1. Make foundation transfer-proof
Because much of the face is covered, foundation should be used sparingly, if at all. Instead, blend concealer under the eyes and on any uneven spots above the nose. If you use foundation, a light application on the exposed areas is all you need.
“Most women choose foundation for the look,” says Keanda Snagg, a makeup artist, meaning that they’re going for colour match and finish and are usually not as concerned about performance. Now is the time to consider a formula’s staying power, too.
Erin Parsons, another makeup artist, predicts that foundation formulas will evolve to focus on skin care. “Masks will shift how we think about foundation,” Parsons says. “When you take them off, your skin is irritated and red. I keep thinking the next generation of foundation will be soothing and protecting.”
2. Emphasise brows and lashes
The new basic face is filled-in brows and amplified lashes. “If there’s one thing we should learn now, it’s how to properly fill in your brows,” makeup artist Moore says. Eyebrow pencils give users more control of colour density (and most people go too dark on brows), so he prefers them to powders, which can be blotchy.
“People tend to fill in too much at the inner part of the brows,” he says. “Focus on the tail because that’s where most brows are sparse. Brush your brows up and outward and fill in only where you need more hair.”
3. Introduce colour with eyeliner
As our time in masks wears on, makeup artists expect we’ll transition to eye makeup that’s simple yet expressive. Eyeliner is the best tool for these times because it’s uncomplicated.
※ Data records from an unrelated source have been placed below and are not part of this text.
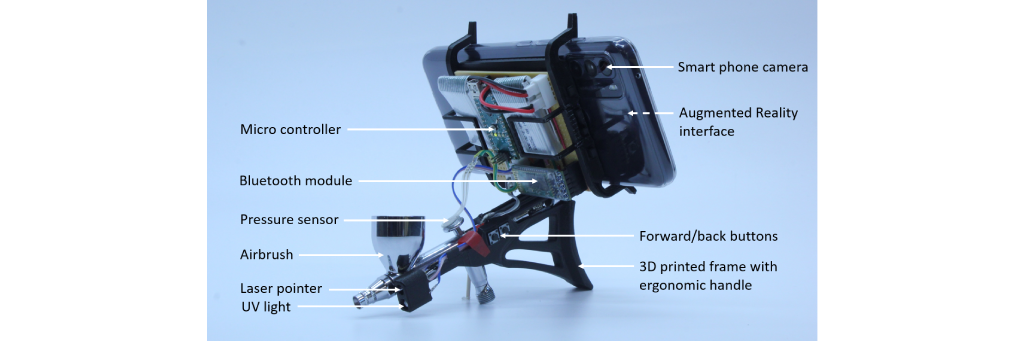 Image for publication Dispray: The Design of an AR-Augmented Airbrush for Electroluminescent Display Fabrication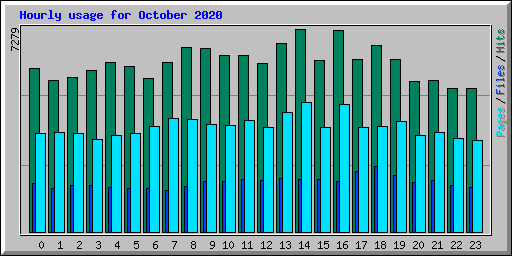 Hourly usage for October 2020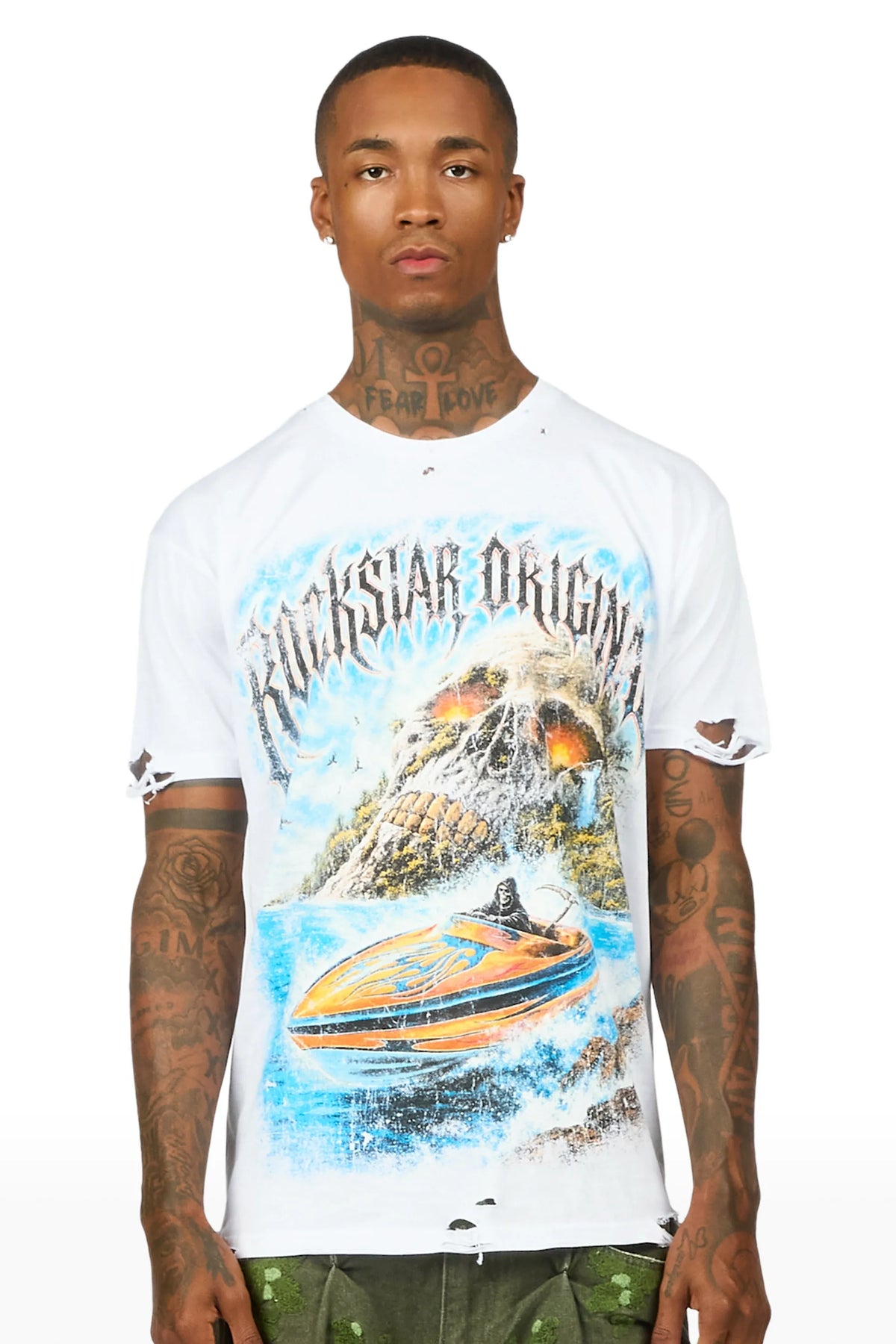 Bastien White Oversized Graphic T-Shirt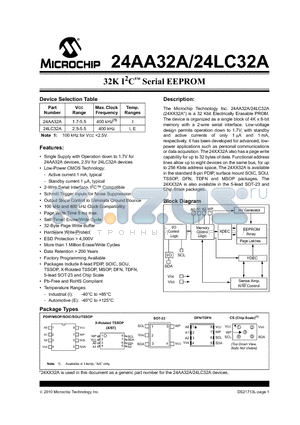 24AA32AT-E/SM datasheet - 32K I2C Serial EEPROM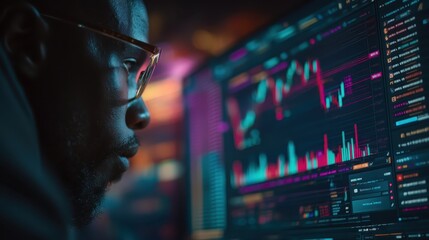 Focused Man Analyzing Data Trends on Computer Screen in Dark Environment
A bright colour is interesting and fun without requiring the layering and dimension of eye shadow.
“My favourite is winged eyeliner in any bright colour - pink, blue, burgundy - anything that’s not black,” Snagg says.
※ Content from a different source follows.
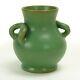Genuine Bybee Pottery Kentucky Matte Green Arts & Crafts 2 Handled Vase Selden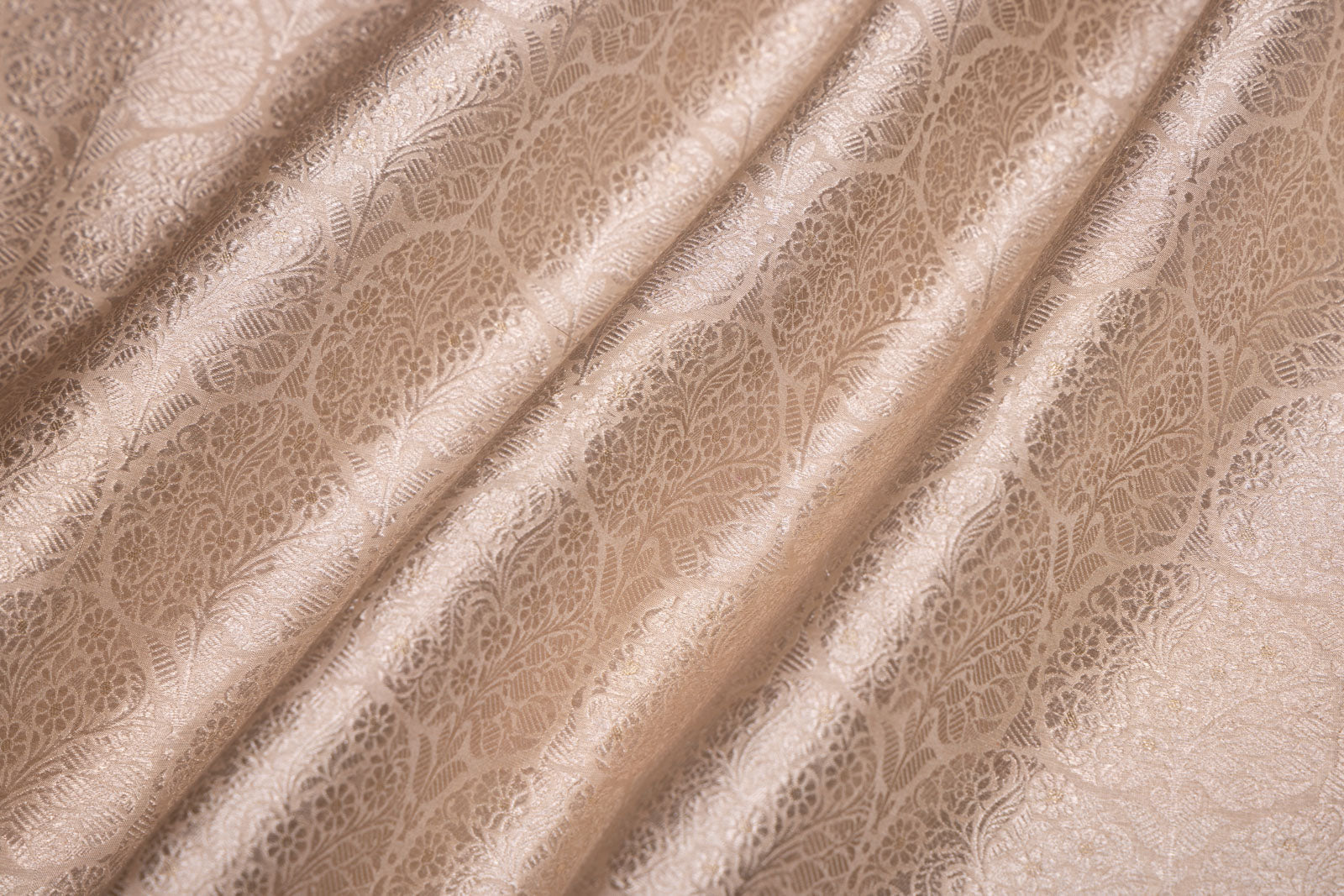 Beige Handwoven Banarasi Brocade Fabric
An eyeliner newbie can start with a simple line along the lashes and, with practice, work up to a wing. Snagg’s winged liner technique: draw a triangle at the outer corner of the eye. Then, using gentle strokes, create a line that connects that triangle to the inner corner of your eye.
4. Embrace the freedom of masks
During his lockdown, makeup artist Barose made himself up in the style of celebrities representing different eras. “Because I’m being someone else, I feel more free to do things I’ve never done,” he says. “A mask covering your face is similar. It’s a superhero effect because you’re incognito.”
If you favour subdued or minimal makeup, this can be a time to explore, to try new textures and materials.